This leads to a variation of the sponsor effect described by Wood et al. (1991), wherein “viewers are likely to believe that the violent presentation is condoned by the media sponsor” (p. 373). In their study of Korean college students, Ryu, Kline, and Kim (2007) found a correlation between newscasters’ communication behavior and the extent to which the students identified with the newscaster. Their manner of presentation had an effect on their identification with the newscaster, which in turn had an affect on their behavior. Hence, if watching a violent, terrorist attack where the broadcaster makes continued references to the fact that no one is safe from terrorist, the audience may internalize the message that they are in danger when it is coming from someone with whom they have formed a strong identification.
The final relevant theory is Gerbner and Gross’ (1976) cultivation theory. In this case, the terrorists are relying on this theory without probably realizing it exists. The theory states that showing violence on television makes people believe that the crime rate in their area is higher than the actual crime rate and that the world is a more dangerous place than statistics and fact would bear out. By staging spectacular acts, the terrorists want their target audience to think that they could be next – that the terrorists are everywhere, when in fact it is extremely unlikely that the average person will be the victim of a terrorist attack. They are cultivating fear in the audience to make them change their lifestyle and believe their world is much more dangerous than reality demonstrates.
To examine how television news services cover terrorist acts, this study utilized a qualitative content analysis of news coverage of terrorist acts in India and the Philippines to evaluate their procedures for informing their citizenry.
Research Questions
Q 1: Should media channels worldwide develop their own code of ethics or guidelines, according to their specific cultures, in order to regulate how local journalists provide news coverage of violence?

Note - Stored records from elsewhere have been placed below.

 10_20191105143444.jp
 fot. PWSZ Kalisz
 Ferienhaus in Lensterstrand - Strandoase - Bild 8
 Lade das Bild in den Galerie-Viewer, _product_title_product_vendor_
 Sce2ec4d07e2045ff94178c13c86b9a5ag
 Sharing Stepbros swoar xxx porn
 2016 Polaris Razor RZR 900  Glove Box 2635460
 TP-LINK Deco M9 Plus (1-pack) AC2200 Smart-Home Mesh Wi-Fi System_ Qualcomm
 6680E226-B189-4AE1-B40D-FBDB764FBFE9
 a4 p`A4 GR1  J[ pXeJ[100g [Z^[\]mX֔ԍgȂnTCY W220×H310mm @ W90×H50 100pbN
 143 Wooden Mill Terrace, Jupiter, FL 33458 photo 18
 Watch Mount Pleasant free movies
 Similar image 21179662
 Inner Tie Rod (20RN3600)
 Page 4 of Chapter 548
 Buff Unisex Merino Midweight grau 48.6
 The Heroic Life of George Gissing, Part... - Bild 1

Q2: Or should a universal guideline be put in place so as to provide more accountability to news entities on a global level?
METHODS
This paper seeks to explore how news entities chose to portray violent extremism in specific incidents ( our unit of analysis) on Philippine and Indian news. Our research group formulated our research question, from prior knowledge of the horrific accounts that had taken place in the Philippines and India. Being that all the members of this group are originally from Asia, an exploration of the differences of news footage in America compared to news footage from Asia was of special interest. Our research questions that prompted this qualitative content analysis are the following:
1. Should media channels worldwide develop their own code of ethics or guidelines, according to their specific cultures, in order to regulate how local journalists provide news coverage of violence?
2. Or should a universal guideline be put in place so as to provide more accountability to news entities on a global level?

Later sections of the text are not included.